Questi dati aggravano il quadro già drammatico di una crisi umanitaria senza precedenti. Il blocco imposto da Israele prosegue da oltre 145 giorni e la chiusura dei valichi, insieme alle severe restrizioni all’ingresso dei convogli di aiuti, sta avendo effetti devastanti: si stima che siano necessari almeno 500.000 sacchi di farina a settimana per coprire i bisogni alimentari della popolazione, ma gli arrivi effettivi sono di gran lunga inferiori.

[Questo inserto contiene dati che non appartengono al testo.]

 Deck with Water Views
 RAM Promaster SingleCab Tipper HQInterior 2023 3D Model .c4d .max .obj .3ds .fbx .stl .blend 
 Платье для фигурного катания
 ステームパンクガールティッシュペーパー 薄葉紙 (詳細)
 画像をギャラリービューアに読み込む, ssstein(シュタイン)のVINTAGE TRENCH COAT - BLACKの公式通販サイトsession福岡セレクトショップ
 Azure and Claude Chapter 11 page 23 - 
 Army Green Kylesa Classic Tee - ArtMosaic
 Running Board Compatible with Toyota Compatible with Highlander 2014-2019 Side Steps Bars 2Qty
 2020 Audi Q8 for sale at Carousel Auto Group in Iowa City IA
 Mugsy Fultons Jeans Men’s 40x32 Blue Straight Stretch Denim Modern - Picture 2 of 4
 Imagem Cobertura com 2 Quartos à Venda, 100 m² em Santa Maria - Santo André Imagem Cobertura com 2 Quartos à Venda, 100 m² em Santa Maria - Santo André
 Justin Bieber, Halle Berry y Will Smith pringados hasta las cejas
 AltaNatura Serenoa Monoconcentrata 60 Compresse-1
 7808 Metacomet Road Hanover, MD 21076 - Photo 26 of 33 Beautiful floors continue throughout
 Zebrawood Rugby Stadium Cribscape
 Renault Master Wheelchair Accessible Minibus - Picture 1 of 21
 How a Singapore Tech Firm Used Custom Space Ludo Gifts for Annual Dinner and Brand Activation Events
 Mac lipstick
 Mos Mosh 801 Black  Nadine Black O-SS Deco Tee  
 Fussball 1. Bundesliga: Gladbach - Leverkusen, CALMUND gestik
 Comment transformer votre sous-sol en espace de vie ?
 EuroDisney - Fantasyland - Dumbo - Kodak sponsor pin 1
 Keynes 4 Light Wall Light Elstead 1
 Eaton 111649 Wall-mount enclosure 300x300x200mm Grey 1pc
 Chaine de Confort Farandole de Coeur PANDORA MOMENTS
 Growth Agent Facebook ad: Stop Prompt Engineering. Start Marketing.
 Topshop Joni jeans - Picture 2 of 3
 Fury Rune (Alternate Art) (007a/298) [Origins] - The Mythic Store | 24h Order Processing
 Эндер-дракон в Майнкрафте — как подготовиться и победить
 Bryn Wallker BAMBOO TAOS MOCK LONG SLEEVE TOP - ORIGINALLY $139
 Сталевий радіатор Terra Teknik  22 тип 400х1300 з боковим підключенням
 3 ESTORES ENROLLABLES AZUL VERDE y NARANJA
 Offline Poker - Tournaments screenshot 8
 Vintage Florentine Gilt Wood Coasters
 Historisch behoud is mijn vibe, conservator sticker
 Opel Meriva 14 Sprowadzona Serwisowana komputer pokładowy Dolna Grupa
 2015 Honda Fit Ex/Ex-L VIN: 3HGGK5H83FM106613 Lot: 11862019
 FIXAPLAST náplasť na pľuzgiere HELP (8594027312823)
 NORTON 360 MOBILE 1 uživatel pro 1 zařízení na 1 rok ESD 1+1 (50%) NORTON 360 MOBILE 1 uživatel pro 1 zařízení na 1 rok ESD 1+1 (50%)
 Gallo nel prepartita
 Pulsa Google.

Attualmente quasi due milioni di abitanti – il 90% della popolazione di Gaza – sono sfollati, costretti a vivere in condizioni precarie e sotto la costante minaccia dei bombardamenti. La situazione risulta particolarmente critica per donne e bambini: secondo fonti ONU, circa 100.000 tra donne e minori soffrono di malnutrizione acuta e un terzo degli abitanti spesso rimane giorni interi senza cibo.
L’accesso a beni di prima necessità è sempre più difficile: il prezzo della farina ha superato i 200 dollari al sacco, rendendo impossibile per molte famiglie nutrirsi adeguatamente. Organizzazioni umanitarie come Save the Children, Médecins Sans Frontières e Norwegian Refugee Council denunciano l’impossibilità di distribuire aiuti in modo sicuro, a causa dei continui combattimenti e dei rischi nei pressi dei punti di consegna. In diversi casi, persone sono rimaste uccise mentre cercavano di ottenere un semplice sacchetto di pane.
La comunità internazionale reclama con sempre maggiore urgenza un cessate il fuoco e un accesso senza ostacoli agli aiuti umanitari: senza misure immediate, la carestia rischia di peggiorare rapidamente, mettendo in pericolo la vita di chi ancora resiste.